I see we sort of passed over the dark side of this. It’s not that bad, but it’s hard — I’m talking about operational procedures and shared ownership. The technology stovepipes have to become less rigid for this to work optimally. Personally, I see that as a great career opportunity for people — having combined network / server / SAN skills will make you very employable going forward.
Here are a few thoughts about that:
- Fewer boxes = less $.
- Use VLANs and VDCs and other virtualization techniques for security zones, to reduce box count.
- If your site security people or someone insists on separate switches in each row for production, DMZ/perimeter, and backup, have a chat with them. That’s expensive and inflexible!And takes a lot of labor to cable and maintain.
- 10G on twinax copper to servers is a lot cheaper than optical transceivers and fiber.
- The Cisco bundled FET for N2K to N5K or N7K connectivity is also relatively low cost, works with fiber over quite adequate datacenter type distances (25 – 100 meters).
- 10 G versus many 1 Gbps connections — less cable to manage, less money on patch cables, less switch real estate, aggregate power to drive switch ports reduced.
- If you want control over / visibility into how the servers connect, the 1000v can replace a physical switch at less cost. The coming VM-FEX NIC and software should allow you to use an adapter that is in effect a small N2K. HP is already selling a Cisco N2K that goes into their blade server chassis, the “Blade Fabric Extender“. I have yet to compare costs, but I like the idea of a remote-controlled FEX in the chassis (in many chassis) rather than having the server team squandering money on HP VirtualConnect (which has never struck me as very useful, it does the processor to external interface plumbing the UCS manager does intrinsically).

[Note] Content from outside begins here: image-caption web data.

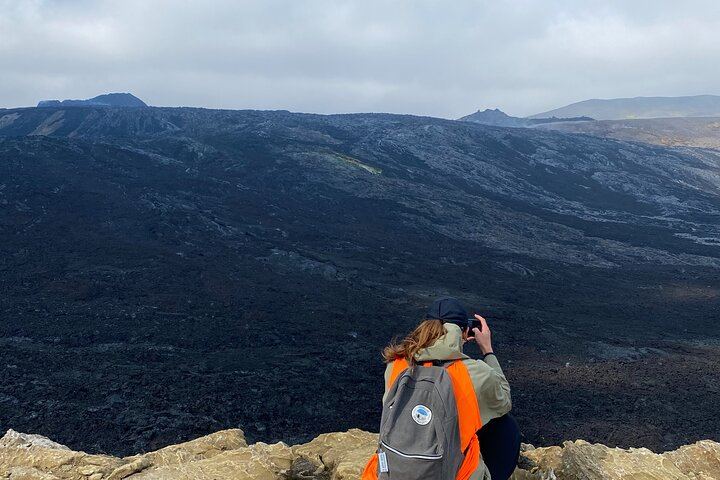 Volcano Hike and Blue Lagoon Including Admission Small Group Tour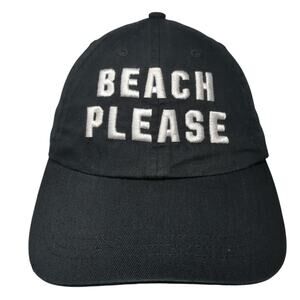 Beach Please Slideback Hat Black One Size Solid Victoria's Secret PINK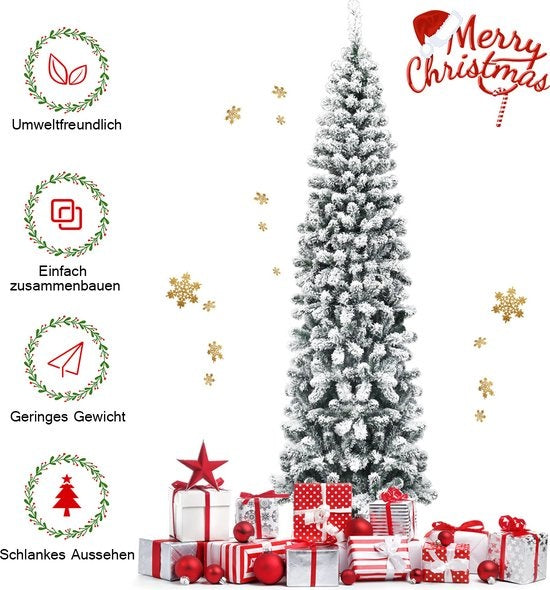 Coast Artificial Snow -Covered Christmas tree with 461 Zweigelalen 225 cm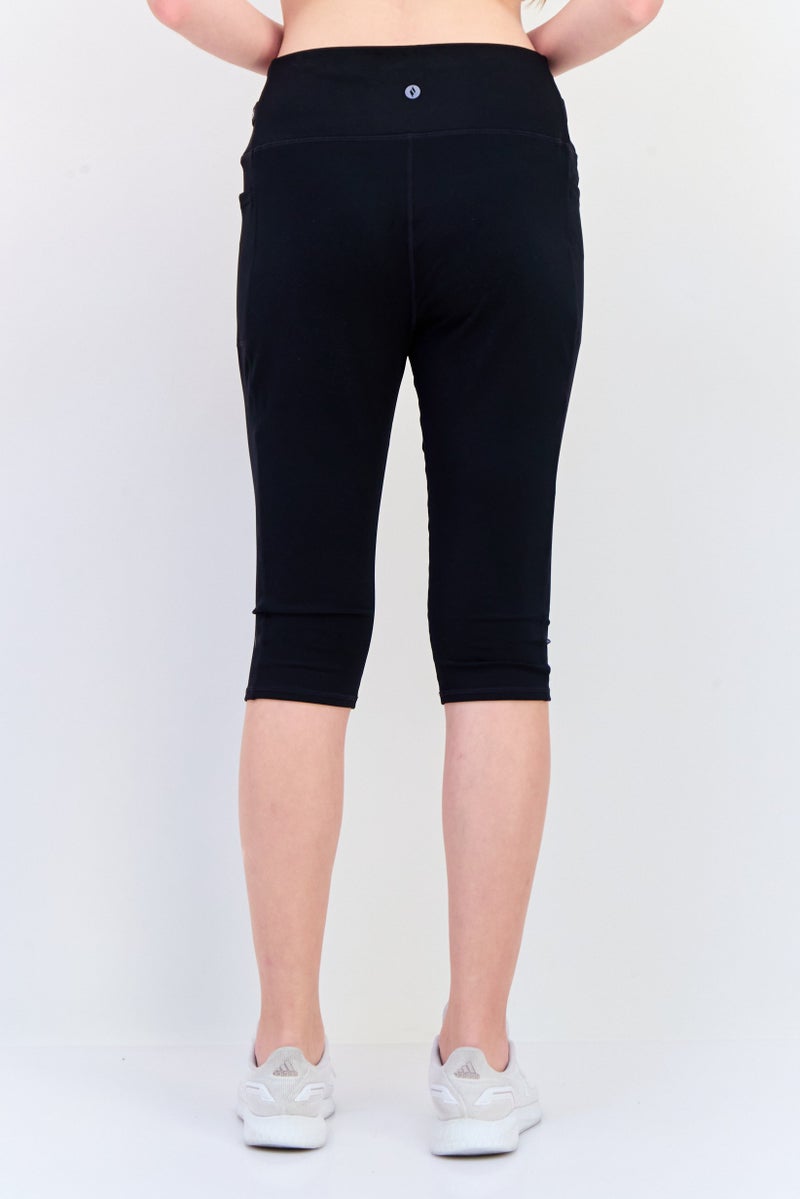 SKECHERS Women Sportswear Fit Training Capri Leggings, Black - Image 4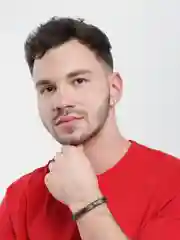 Приглушённый хаки браслет кожаный, мужской, 22 вида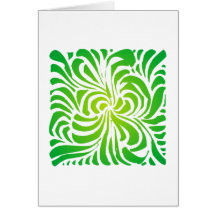 florales Ornament floral quadrat square Grußkarte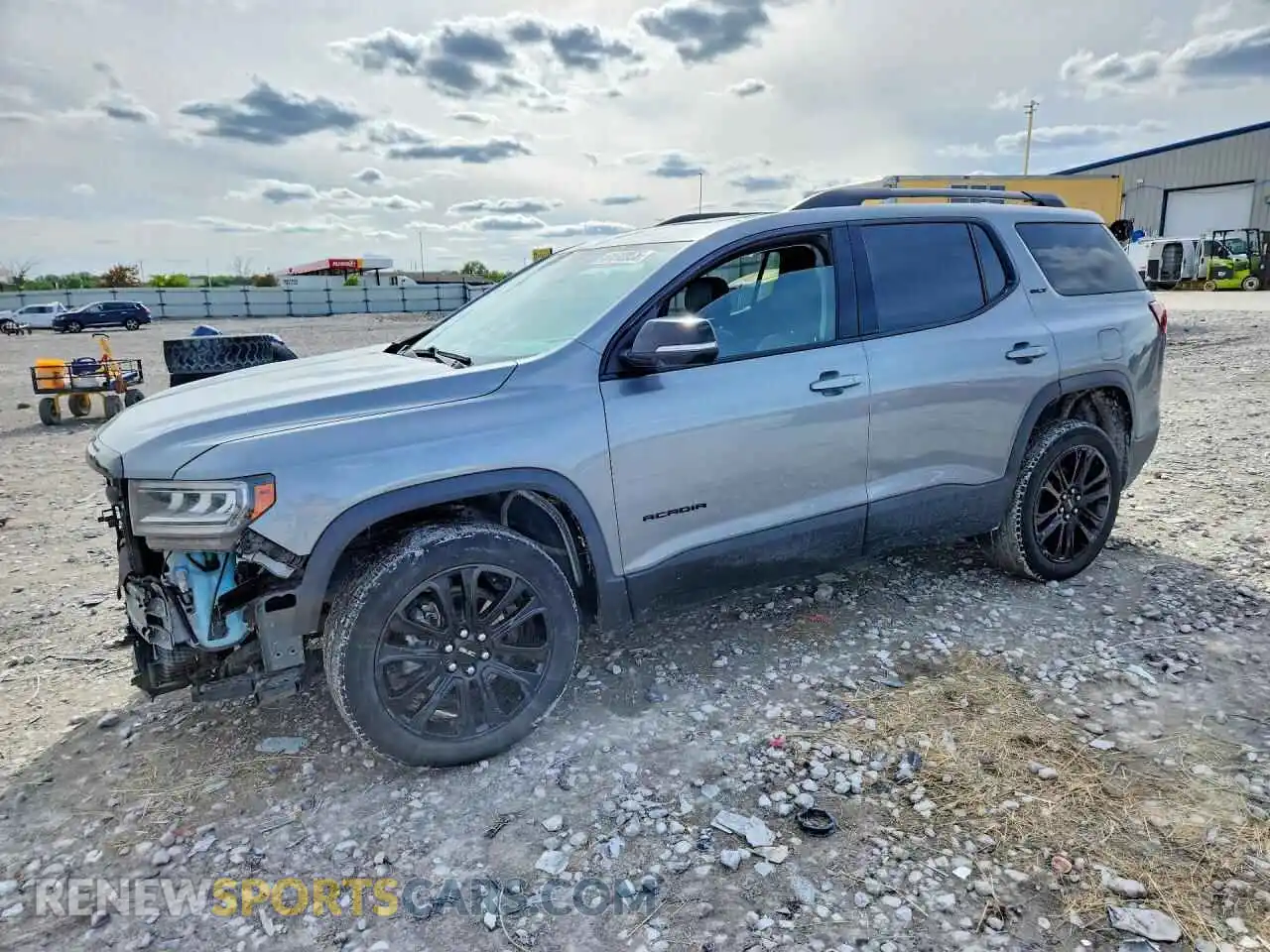 1 Photograph of a damaged car 1GKKNML46PZ248070 GMC ACADIA 2023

- Cutting down on internal and external hardware and connections: less heat and power, less to manage = lower cost.
- FabricPath (when mature) has the potential to mean more VLANs throughout your datacenter without STP risk and having to exercise control. Although I’ve written elsewhere that you might want to still try to keep some VLAN discipline going. How to do so, I’m still grappling with — as I suspect most of us are.
This article is getting a bit long on me. I’m going to leave it to you readers to add to this (CHALLENGE!) — please add comments with other ways datacenter changes lead to cost savings.
Well, there is all that Nexus stuff. Are you sharp on what the Nexus line can do for you? How about up on FCoE and FIP? Do you know enough SAN basics to at least talk to your SAN cousins?
We’ll skip the shameless plug for the FireFly classes, which I think are tops. They really invest in trying to ensure the best possible instruction.
And there are classes on 1000v, VMWare, Cisco UCS, etc. too. A chance to express your server side personality! <grin>
For the more exotic, there’s the somewhat less-Cisco-flavored stuff: VXLAN, EVB, OpenFlow, OpenStack.
I should add Data Center Interconnect to the list. Although that’s becoming more of a known art, the “optimal routing” aspect (and/or using LISP) is still pretty new stuff.
So for those who like me enjoy the technology and making this stuff work, happy reading!